Tasks - Document Visual Question Answering

The challenge will comprise two tasks. On one hand, a typical VQA task, where natural language questions are defined over single documents, and an answer needs to be generated by interpreting the document image. No list of pre-defined responses will be given, hence the problem cannot be easily treated as an n-way classification task. On the other hand, a retrieval-style task where given a question, the aim is to identify and retrieve all the documents in a large document collection that are relevant to answering this question.


Task 1

The objective of this task is to answer questions asked on a document image. The images provided are sourced from the documents hosted at the Industry Documents Library, maintained by the UCSF. The documents contain a mix of printed, typewritten and handwritten content. A wide variety of document types is used for this task including letters, memos, notes, reports etc.

The answers to questions are short text spans taken verbatim from the document. This means that the answers comprise a set of contiguous text tokens present in the document.

There might be more than one valid answer per question. In such a case, a list of possible correct answers is given in the training set. In a typical supervised training setting one might want to use only one answer per question. In such a case we suggest to use the first answer in the list of answers.

Ground Truth Format

The subsets packages provided (see Downloads section) contain a JSON file with the ground truth annotations, and a folder with the document images.
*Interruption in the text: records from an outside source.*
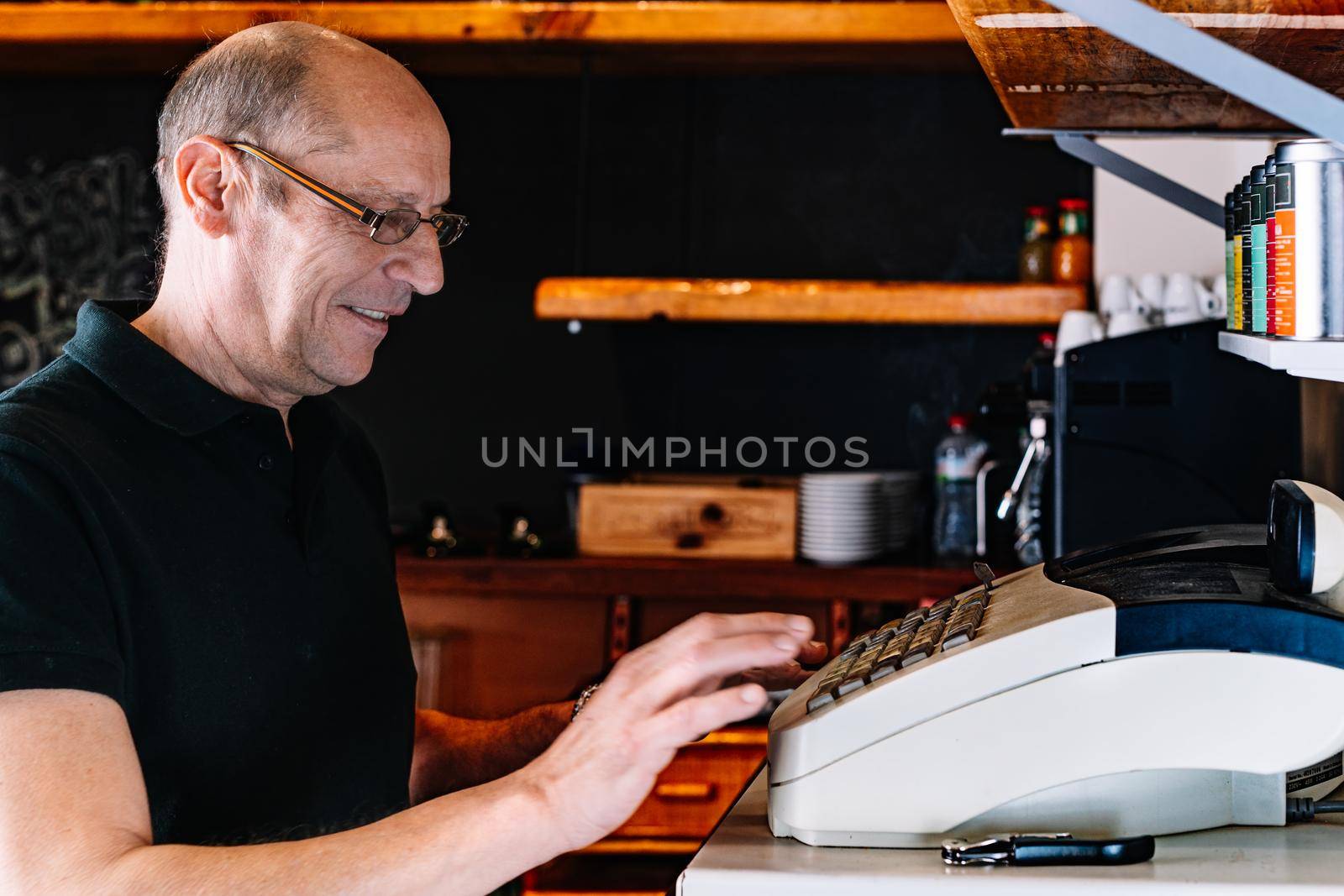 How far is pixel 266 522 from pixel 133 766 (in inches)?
13.3

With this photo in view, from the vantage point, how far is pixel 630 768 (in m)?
0.80

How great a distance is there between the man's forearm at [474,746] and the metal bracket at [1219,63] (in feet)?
2.45

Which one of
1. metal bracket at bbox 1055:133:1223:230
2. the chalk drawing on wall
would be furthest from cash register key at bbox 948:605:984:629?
the chalk drawing on wall

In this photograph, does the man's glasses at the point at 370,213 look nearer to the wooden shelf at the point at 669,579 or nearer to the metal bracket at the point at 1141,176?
the metal bracket at the point at 1141,176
The JSON file, called "docvqa_train_vX.X" has the following format (explanations in italics):

    "dataset_name": "docvqa",  The name of the dataset, should be invariably "docvqa"
    "dataset_split": "train",  The subset (either "train" or "test")
    "dataset_version": "0.1",  The version of the dataset. A string in the format of major.minor version
    "data": [{...}]

The "data" element is a list of dictionary entries with the following structure

    "questionId": 52212,  A unique ID number for the question
    "question": "Whose signature is given?",   The question string - natural language asked question
    "image": "documents/txpn0095_1.png",   The image filename corresponding to the document page which the question is defined on. The images are provided in the /documents folder
    "docId": 1968,  A unique ID number for the document
    "ucsf_document_id": "txpn0095",   The UCSF document id number
    "ucsf_document_page_no": "1",  The page number within the UCSF document that is used here
    "answers": ["Edward R. Shannon", "Edward Shannon"],  A list of correct answers provided by annotators
    "data_split": "train"  The dataset split this question pertains to

Submissions Format

Results are expected to be submitted as a single JSON file (extension .json) that contains a list of dictionaries, in which there are two keys which are "questionId" and "answer". The "questionId" key represents the unique id of the question while the "answer" key should correspond to the model's output. As a example, the result file might be named: result_task1.json and will contain a list similar to:

    {'answer': 'TRANSMIT CONFIRMATION REPORT', 'question_id': 10285},
    {'answer': '12/15/88', 'question_id': 18601},
    {'answer': 'Dear Dr. Lobo', 'question_id': 16734},

Evaluation Metirc

We will be using Average Normalized Levenshtein Similarity (ANLS) as the evaluation metric.  For more details on the metric please see the metric used for Task 3 for scene text VQA challenge. Please note that we are considering including other evaluation metrics , which are popular in VQA and Reading Comprehension tasks. We will update the details here before final submissions.

  • Answers are not case sensitive
  • Answers are space sensitive
  • Answers or tokens comprising answers are not limited to a fixed size dictionary. It could be any word/token which is present in the document.


Important Dates

19 March 2020 : Text Transcriptions for Train_v0.1 Documents available

16 March 2020: Training set  V0.1 available

15 April 2020: Test set available

30 April 2020: Submission of results

16-18 June 2020: CVPR workshop